Life assurance vs life insurance
In everyday use they mean the same thing. The real difference is the product. Insurance usually means term cover that pays out only if you die within a set period. Assurance usually means whole of life cover that is certain to pay out one day.
Get my quoteThe short answer
Life assurance and life insurance are used to mean the same thing every day, and most people, websites and even insurers swap between them freely. There is a real difference behind the words, but it is about the type of cover, not the label.
Insurance usually means term cover. It pays out only if you die within a set number of years. Assurance usually means whole of life cover. It is certain to pay out one day, as long as you keep paying. Term is the cheaper, more common choice. Whole of life costs more because the payout is guaranteed.

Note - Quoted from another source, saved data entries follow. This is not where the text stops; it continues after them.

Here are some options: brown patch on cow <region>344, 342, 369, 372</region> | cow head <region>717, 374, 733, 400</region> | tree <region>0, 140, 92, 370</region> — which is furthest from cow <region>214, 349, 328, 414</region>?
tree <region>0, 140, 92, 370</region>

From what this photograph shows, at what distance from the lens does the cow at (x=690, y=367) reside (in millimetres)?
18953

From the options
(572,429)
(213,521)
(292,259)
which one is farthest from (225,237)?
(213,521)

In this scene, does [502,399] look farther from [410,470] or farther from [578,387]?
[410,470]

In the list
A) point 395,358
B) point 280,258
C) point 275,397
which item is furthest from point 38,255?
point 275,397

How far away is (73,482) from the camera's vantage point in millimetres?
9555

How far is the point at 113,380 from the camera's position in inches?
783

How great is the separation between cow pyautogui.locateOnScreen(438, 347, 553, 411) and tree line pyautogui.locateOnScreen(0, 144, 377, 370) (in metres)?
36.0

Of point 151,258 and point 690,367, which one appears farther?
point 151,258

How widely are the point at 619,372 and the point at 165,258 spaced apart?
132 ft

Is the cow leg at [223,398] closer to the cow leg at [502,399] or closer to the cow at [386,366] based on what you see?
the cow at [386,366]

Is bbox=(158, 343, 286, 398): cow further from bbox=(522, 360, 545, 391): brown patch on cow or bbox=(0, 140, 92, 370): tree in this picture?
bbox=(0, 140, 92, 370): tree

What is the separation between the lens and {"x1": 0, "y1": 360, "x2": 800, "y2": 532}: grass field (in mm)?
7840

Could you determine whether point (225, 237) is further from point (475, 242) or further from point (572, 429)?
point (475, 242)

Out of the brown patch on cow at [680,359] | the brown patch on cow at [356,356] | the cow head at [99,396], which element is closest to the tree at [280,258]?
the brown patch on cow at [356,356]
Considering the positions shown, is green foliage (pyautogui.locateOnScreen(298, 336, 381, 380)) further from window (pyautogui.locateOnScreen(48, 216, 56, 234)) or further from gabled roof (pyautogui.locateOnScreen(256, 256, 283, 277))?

Why the two words get muddled
Life assurance and life insurance sound like two different products. Most of the time they are not. In everyday UK use the two words mean the same thing, and you will see insurers, banks and comparison sites use either one for the same cover.
There is a difference behind the words, and it is worth knowing. The clue is in what each word means. Insurance covers something that might happen. Assurance covers something that is certain to happen. We will all die one day, so cover that is guaranteed to pay out was traditionally called assurance. Cover that only pays if you die within a set time, which might not happen, was called insurance.

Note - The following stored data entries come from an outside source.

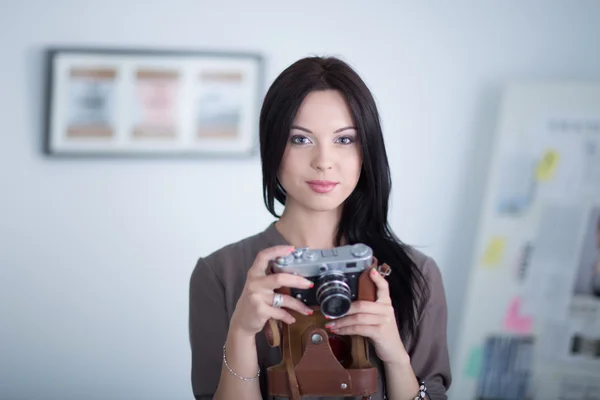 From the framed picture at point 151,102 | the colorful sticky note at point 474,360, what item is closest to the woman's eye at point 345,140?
the framed picture at point 151,102

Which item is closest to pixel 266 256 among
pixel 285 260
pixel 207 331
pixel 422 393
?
pixel 285 260

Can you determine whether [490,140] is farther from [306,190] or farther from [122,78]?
[306,190]

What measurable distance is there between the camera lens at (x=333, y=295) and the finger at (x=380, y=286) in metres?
0.04

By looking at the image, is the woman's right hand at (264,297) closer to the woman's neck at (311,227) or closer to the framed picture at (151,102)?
the woman's neck at (311,227)

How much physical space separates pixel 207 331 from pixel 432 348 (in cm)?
38

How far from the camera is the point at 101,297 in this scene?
2217 millimetres

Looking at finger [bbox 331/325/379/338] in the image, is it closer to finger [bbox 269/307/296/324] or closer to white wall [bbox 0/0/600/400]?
finger [bbox 269/307/296/324]

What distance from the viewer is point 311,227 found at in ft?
3.45

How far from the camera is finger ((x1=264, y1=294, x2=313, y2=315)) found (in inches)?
34.9

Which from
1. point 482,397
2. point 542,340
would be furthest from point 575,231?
point 482,397

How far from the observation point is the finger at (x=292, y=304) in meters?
0.89

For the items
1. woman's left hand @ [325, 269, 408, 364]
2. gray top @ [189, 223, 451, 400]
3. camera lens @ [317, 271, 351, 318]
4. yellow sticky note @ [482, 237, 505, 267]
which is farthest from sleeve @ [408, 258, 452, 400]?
yellow sticky note @ [482, 237, 505, 267]

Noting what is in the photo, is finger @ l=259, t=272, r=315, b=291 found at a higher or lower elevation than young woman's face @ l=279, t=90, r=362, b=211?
lower

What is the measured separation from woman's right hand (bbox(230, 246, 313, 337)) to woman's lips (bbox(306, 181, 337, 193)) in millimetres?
124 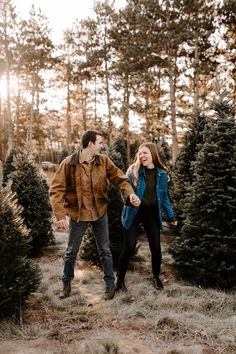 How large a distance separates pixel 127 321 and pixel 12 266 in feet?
4.92

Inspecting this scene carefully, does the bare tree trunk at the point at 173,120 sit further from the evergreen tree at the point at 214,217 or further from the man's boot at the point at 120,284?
the man's boot at the point at 120,284

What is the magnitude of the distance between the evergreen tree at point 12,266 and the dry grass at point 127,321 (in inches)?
9.6

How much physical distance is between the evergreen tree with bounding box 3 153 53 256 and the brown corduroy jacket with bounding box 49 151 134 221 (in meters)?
2.92

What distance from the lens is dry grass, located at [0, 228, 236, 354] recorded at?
11.9 feet

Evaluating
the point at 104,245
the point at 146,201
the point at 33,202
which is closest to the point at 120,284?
the point at 104,245

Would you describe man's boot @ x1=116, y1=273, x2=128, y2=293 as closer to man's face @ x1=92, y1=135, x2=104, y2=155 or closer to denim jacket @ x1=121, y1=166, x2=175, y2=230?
denim jacket @ x1=121, y1=166, x2=175, y2=230

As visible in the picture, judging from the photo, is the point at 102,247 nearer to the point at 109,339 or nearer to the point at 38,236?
the point at 109,339

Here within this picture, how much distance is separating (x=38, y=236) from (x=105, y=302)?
11.2 ft

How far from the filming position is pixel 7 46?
87.8ft

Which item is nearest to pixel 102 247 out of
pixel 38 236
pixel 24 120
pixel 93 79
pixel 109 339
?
pixel 109 339

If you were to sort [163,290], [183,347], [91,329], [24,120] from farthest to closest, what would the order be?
[24,120] → [163,290] → [91,329] → [183,347]

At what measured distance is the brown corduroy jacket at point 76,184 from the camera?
4.96 meters

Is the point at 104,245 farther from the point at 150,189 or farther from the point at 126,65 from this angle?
the point at 126,65

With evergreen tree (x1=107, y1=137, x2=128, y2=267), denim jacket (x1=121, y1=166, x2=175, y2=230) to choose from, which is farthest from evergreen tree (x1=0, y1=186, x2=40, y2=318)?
evergreen tree (x1=107, y1=137, x2=128, y2=267) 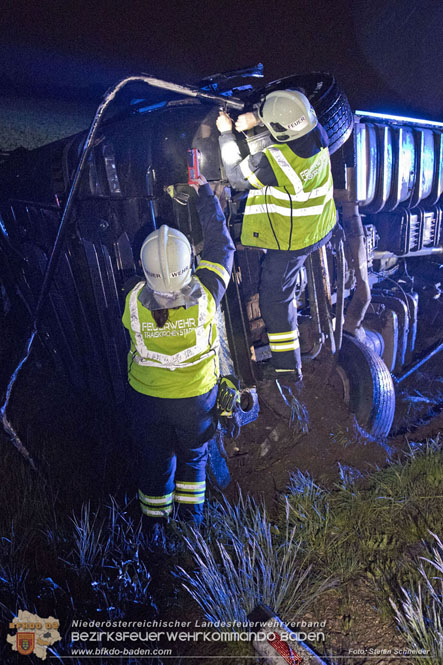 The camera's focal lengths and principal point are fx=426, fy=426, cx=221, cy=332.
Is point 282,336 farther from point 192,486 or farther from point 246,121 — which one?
point 246,121

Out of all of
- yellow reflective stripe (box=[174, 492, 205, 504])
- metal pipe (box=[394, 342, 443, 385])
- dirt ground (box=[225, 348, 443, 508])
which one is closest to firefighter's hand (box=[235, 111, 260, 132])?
dirt ground (box=[225, 348, 443, 508])

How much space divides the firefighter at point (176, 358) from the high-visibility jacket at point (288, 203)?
1.02 feet

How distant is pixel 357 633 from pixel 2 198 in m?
4.87

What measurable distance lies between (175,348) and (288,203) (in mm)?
1334

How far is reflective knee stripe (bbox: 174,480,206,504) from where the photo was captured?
10.8 feet

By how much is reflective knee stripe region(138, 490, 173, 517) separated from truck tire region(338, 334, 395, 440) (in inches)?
78.5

So the old rule is simple. Insurance means term cover. Assurance means whole of life cover. Today the labels are used loosely, so the safest thing is to check the product, not the word on the page.
What life insurance usually means
Term life insurance pays your family a tax free lump sum if you die within a set number of years, called the term. You choose the term, often to match a mortgage or the years your children are growing up. If you die during the term, it pays. If you are still alive when the term ends, the cover simply stops and nothing is paid. That is not the policy failing. It is how term cover is designed, and it is the reason it costs less.
There are two common types. Level term keeps the same payout the whole way through. Decreasing term lowers the payout over time, usually to follow a repayment mortgage down. Decreasing cover is normally the cheapest, because the amount at risk falls each year.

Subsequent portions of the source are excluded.